Defining and implementing refactorings is a nontrivial task since it is difficult to define preconditions to guarantee that the transformation preserves the program behavior. Therefore, refactoring engines may apply incorrect transformations in which the resulting program does not compile, preserve behavior, or follow the refactoring definitions. These engines may also prevent correct transformations due to overly strong preconditions. We find that 84% of the test suites of Eclipse and JRRT are concerned to detect those kinds of bugs. However, the engines still have them. Researchers have proposed a number of techniques for testing refactoring engines. Nevertheless, they may have limitations related to the bug type, program generation, time consumption, and number of refactoring engines necessary to evaluate the implementations. We propose and implement a technique to scale testing of refactoring engines. We improve expressiveness of a program generator and use a technique to skip some test inputs to improve performance.

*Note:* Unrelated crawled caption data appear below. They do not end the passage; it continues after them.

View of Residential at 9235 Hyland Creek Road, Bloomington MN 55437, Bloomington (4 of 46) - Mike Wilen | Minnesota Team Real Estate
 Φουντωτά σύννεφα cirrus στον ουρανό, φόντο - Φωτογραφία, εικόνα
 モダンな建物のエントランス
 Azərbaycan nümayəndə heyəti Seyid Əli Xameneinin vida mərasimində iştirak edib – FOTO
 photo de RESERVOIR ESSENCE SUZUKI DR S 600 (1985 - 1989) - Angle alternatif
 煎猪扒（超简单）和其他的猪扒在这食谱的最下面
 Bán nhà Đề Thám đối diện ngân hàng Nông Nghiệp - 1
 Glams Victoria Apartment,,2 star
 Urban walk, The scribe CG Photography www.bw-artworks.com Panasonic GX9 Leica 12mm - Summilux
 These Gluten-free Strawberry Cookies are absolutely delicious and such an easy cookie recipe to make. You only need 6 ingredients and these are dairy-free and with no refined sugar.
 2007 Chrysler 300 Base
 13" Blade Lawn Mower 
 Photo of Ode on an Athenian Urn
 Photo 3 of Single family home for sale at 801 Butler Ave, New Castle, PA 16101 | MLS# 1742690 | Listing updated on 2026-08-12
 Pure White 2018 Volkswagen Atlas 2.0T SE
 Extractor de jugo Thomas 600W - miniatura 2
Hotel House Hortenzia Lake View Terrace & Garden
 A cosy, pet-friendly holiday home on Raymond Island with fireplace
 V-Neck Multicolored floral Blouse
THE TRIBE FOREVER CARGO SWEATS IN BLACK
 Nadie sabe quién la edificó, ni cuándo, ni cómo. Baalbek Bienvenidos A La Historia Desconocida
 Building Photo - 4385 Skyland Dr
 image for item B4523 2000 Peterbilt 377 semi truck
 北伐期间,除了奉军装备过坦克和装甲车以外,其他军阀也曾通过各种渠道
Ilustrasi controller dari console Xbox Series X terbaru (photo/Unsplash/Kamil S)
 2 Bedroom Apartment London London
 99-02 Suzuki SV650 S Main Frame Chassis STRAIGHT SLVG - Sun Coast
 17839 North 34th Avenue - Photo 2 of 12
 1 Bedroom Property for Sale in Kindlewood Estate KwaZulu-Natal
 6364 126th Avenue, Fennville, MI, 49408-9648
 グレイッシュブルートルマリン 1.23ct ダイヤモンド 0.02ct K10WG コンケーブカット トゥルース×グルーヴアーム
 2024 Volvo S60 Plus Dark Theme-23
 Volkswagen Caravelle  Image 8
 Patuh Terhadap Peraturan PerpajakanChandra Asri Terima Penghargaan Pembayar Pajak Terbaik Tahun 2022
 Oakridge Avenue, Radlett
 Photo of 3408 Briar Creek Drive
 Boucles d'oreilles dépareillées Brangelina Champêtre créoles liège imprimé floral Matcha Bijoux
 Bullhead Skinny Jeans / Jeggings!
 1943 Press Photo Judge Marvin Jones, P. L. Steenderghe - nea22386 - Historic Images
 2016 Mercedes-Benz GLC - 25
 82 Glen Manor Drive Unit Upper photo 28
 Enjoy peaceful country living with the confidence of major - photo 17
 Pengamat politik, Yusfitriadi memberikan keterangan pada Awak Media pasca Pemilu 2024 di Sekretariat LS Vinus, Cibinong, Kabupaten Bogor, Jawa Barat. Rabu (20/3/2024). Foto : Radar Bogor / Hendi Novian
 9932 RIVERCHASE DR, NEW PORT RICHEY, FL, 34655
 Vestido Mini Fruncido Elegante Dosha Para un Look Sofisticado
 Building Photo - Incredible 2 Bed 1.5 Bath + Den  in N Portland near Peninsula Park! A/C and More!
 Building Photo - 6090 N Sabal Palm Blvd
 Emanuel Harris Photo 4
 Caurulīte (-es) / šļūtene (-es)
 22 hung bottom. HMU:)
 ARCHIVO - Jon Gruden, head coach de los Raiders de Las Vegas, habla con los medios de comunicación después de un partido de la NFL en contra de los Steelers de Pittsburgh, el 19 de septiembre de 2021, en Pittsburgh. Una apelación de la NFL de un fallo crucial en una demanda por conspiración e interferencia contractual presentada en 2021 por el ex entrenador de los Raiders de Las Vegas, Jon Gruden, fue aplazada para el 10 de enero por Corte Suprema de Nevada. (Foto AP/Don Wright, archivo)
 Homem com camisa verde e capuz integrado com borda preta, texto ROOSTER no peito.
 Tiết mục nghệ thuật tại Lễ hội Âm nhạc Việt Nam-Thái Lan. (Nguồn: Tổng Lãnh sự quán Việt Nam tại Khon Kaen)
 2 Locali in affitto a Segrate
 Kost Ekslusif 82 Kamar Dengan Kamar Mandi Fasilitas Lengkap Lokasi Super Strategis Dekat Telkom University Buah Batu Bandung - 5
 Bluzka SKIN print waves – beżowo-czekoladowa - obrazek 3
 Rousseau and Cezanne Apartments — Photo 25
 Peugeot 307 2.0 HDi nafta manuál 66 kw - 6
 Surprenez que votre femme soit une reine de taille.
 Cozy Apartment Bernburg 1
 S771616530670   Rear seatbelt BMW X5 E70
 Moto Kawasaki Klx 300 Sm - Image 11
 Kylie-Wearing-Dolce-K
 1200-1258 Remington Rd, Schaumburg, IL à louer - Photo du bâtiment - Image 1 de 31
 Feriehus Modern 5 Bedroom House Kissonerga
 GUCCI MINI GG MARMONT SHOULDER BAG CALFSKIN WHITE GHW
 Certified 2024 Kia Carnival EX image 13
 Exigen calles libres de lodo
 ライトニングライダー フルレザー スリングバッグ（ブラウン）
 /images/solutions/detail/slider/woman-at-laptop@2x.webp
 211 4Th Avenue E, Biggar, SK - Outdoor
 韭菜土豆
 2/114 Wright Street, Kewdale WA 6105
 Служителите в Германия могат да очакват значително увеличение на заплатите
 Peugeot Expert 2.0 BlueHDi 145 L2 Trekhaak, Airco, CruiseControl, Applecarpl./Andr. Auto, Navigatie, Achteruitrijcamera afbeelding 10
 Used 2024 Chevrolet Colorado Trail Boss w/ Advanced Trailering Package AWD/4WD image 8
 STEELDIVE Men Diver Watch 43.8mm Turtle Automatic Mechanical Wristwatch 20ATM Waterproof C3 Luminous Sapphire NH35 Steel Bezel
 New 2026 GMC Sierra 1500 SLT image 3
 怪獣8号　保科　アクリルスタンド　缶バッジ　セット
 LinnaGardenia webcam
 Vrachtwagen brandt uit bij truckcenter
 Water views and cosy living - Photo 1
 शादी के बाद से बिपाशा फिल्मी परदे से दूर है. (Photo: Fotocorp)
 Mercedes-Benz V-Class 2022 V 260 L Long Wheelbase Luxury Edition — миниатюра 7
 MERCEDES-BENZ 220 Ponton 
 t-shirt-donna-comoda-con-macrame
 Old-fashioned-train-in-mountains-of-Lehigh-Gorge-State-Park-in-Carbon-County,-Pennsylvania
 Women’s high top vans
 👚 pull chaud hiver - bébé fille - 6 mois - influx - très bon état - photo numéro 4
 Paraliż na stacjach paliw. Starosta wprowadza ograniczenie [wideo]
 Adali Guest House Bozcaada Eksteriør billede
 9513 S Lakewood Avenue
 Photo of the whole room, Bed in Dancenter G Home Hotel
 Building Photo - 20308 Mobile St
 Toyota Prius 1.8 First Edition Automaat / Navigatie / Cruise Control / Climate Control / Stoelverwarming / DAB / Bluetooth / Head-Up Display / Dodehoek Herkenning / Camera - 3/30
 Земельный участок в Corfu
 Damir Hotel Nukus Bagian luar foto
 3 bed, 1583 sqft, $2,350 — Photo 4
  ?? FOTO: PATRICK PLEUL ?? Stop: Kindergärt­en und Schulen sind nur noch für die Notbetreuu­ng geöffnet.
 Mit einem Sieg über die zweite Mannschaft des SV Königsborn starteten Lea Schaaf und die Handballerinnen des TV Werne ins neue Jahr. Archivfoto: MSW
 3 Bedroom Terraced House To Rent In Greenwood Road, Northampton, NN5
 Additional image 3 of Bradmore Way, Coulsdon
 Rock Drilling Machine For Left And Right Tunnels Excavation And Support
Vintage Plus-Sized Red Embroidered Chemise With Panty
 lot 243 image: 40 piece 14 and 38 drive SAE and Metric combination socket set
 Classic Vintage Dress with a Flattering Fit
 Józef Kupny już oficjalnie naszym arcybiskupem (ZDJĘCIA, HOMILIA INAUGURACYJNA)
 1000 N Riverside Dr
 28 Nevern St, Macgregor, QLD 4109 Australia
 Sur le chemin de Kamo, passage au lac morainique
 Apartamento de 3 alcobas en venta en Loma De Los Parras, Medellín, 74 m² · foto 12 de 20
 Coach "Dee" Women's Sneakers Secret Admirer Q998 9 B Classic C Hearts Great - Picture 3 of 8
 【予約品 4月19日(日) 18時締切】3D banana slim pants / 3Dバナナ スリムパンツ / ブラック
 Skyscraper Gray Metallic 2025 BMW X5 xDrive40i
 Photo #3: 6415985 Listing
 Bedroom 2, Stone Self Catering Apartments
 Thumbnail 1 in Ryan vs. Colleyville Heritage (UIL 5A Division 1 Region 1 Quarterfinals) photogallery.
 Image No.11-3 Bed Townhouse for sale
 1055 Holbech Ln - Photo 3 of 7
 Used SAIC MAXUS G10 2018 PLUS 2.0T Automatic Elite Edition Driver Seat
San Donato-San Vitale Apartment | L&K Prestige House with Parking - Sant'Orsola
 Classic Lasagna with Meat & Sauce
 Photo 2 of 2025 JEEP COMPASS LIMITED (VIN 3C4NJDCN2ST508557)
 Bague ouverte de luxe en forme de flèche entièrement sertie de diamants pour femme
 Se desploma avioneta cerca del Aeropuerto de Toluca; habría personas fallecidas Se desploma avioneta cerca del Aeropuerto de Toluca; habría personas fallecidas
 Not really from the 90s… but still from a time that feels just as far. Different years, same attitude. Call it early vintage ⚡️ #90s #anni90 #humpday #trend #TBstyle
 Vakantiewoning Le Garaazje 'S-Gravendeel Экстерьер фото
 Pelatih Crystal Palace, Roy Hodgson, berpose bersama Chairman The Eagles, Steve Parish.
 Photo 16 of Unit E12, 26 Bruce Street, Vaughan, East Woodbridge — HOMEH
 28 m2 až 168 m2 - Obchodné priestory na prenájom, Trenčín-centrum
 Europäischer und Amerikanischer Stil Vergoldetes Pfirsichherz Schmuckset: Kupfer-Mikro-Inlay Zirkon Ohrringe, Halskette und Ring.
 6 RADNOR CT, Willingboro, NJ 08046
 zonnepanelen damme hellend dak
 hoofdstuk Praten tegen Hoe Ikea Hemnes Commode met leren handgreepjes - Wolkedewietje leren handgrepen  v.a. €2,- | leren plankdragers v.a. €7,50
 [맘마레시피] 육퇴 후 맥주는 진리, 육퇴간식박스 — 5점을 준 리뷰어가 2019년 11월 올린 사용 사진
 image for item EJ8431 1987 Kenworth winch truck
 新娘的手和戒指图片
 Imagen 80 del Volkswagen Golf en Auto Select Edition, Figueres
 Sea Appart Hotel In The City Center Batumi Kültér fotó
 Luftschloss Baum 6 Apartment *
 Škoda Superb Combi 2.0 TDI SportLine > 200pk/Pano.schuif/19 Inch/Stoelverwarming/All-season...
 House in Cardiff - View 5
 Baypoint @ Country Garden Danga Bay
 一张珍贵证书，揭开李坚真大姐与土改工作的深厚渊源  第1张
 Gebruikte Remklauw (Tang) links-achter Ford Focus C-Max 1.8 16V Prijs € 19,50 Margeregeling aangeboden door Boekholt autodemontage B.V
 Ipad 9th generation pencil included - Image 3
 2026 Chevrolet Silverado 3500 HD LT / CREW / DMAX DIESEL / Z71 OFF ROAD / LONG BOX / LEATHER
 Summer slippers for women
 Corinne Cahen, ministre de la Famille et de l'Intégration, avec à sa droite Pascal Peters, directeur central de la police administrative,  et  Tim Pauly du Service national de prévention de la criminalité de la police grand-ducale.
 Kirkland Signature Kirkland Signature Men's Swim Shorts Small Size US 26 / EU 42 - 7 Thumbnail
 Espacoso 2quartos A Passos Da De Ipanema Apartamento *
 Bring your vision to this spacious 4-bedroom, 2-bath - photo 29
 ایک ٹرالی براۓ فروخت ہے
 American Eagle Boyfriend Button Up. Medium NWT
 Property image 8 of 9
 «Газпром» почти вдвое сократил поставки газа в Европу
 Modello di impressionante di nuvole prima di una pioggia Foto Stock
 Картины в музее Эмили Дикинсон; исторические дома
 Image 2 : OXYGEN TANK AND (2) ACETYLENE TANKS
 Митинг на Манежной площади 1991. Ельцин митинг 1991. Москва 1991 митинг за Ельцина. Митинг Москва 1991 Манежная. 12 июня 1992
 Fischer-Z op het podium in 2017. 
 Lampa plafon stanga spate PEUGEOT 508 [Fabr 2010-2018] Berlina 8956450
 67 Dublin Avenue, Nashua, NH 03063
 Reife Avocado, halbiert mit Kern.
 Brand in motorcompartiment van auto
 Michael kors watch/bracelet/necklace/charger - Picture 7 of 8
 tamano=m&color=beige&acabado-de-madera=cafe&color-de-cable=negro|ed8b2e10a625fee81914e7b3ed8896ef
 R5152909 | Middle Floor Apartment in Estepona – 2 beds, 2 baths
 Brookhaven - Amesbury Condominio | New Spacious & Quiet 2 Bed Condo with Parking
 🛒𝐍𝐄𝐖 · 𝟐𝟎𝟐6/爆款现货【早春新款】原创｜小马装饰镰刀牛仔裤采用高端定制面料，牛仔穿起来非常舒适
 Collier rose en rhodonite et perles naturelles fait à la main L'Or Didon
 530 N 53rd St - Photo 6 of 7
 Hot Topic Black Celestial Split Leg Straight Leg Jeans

Moreover, we propose new oracles to detect behavioral changes using change impact analysis, overly strong preconditions by disabling preconditions, and transformation issues. We evaluate our technique in 28 refactoring implementations of Java (Eclipse and JRRT) and C (Eclipse) and find 119 bugs. The technique reduces the time in 96% using skips while missing only 6% of the bugs.
Additionally, it finds the first failure in general in a few seconds using skips. Finally, we evaluate our proposed technique by using other test inputs, such as the input programs of Eclipse and JRRT refactoring test suites. We find 31 bugs not detected by the developers.